Their research, published in the Cell Press journal Chem , provides a simple and reversible method for forming crystals that can be used to develop a new generation of adaptable materials.

Crystals—from snowflakes and diamonds to the silicon used in electronics—are made up of particles arranged in repeating patterns. To study how crystals form, some scientists use colloidal particles—microscopic spheres suspended in liquid that self-assemble into colloidal crystals.

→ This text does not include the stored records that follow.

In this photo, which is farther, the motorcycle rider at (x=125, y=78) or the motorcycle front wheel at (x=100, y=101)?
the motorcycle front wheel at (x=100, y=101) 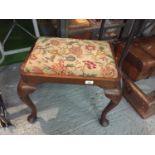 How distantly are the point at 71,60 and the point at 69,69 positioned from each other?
0.18ft

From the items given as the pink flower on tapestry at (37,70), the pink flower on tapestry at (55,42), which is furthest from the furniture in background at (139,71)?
the pink flower on tapestry at (37,70)

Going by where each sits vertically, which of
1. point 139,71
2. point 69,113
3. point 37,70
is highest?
point 37,70

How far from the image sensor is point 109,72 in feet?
2.56

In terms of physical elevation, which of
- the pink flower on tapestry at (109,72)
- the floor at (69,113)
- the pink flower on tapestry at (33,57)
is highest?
the pink flower on tapestry at (33,57)

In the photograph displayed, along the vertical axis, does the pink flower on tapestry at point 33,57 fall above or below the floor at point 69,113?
above

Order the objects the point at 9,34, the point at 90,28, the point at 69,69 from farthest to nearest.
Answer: the point at 9,34, the point at 90,28, the point at 69,69

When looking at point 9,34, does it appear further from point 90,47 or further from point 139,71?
point 139,71

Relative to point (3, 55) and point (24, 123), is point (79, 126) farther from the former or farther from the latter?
point (3, 55)

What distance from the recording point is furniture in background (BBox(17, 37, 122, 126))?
771mm

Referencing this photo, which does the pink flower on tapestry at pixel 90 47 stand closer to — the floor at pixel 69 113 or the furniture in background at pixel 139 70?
the furniture in background at pixel 139 70

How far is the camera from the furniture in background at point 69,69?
0.77 meters

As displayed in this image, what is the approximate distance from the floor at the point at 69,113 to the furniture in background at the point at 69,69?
0.91ft

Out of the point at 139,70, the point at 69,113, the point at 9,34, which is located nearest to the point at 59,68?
the point at 69,113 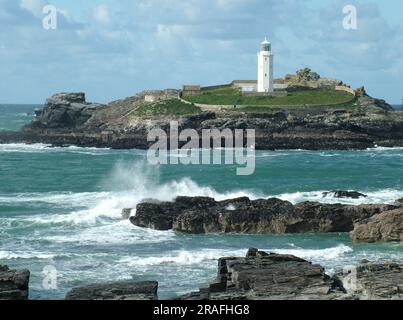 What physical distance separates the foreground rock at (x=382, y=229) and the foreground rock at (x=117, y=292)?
12.4 m

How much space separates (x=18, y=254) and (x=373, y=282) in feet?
42.5

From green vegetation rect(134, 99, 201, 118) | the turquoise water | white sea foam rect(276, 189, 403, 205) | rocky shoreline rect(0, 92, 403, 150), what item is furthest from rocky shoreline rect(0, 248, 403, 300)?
green vegetation rect(134, 99, 201, 118)

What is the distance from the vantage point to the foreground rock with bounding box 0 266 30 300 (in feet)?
61.1

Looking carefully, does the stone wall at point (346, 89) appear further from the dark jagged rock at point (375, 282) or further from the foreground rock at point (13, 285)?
the foreground rock at point (13, 285)

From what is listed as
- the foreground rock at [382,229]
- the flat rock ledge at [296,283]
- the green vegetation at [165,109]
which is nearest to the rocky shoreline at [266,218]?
the foreground rock at [382,229]

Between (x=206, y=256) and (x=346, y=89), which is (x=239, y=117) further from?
(x=206, y=256)

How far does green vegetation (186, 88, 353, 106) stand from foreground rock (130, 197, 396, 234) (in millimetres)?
59205

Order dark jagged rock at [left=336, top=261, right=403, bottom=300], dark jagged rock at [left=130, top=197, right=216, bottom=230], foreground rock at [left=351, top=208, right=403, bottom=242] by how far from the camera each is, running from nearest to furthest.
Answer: dark jagged rock at [left=336, top=261, right=403, bottom=300] → foreground rock at [left=351, top=208, right=403, bottom=242] → dark jagged rock at [left=130, top=197, right=216, bottom=230]

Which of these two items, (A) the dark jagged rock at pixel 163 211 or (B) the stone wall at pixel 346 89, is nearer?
(A) the dark jagged rock at pixel 163 211

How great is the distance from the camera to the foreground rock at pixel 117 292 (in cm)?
1798

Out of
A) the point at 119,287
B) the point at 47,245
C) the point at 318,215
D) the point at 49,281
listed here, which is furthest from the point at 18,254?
the point at 318,215

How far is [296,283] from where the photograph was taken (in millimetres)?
18547

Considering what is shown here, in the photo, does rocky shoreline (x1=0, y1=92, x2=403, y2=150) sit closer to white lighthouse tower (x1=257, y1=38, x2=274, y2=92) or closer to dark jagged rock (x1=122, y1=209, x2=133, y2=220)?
white lighthouse tower (x1=257, y1=38, x2=274, y2=92)

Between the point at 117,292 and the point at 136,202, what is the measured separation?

Colloidal particles are also the building blocks for advanced materials, including those used in optical and photonic technologies like sensors and lasers.

Despite the ubiquity and utility of crystals, it remains difficult to manipulate them.

“The challenge in the field has been control: crystals usually form where and when they want, and once conditions are set, you have limited ability to adjust the process in real time,” said study author Stefano Sacanna, professor of chemistry at NYU.

In their new study in Chem , the researchers found a simple and powerful way to control particles and form crystals: illuminating them.

The team added light-sensitive molecules, or photoacids, to a solution of liquid and colloidal particles. When light is shined on the photoacids, they temporarily become more acidic, which influences how they interact with the surfaces of colloidal particles. As a result, this changes the electric charge on the particles, which directly controls whether the particles attract or repel each other.

“Essentially, we used light as a remote control to program how matter organizes itself at the microscale,” said Sacanna.

In a series of experiments and simulations, the researchers showed that by adjusting light intensity, timing, and spatial patterns, they can trigger crystals to form or melt on demand, decide where crystallization happens, reshape and “sculpt” crystals, and improve their order and size to fabricate larger, more complex colloidal structures.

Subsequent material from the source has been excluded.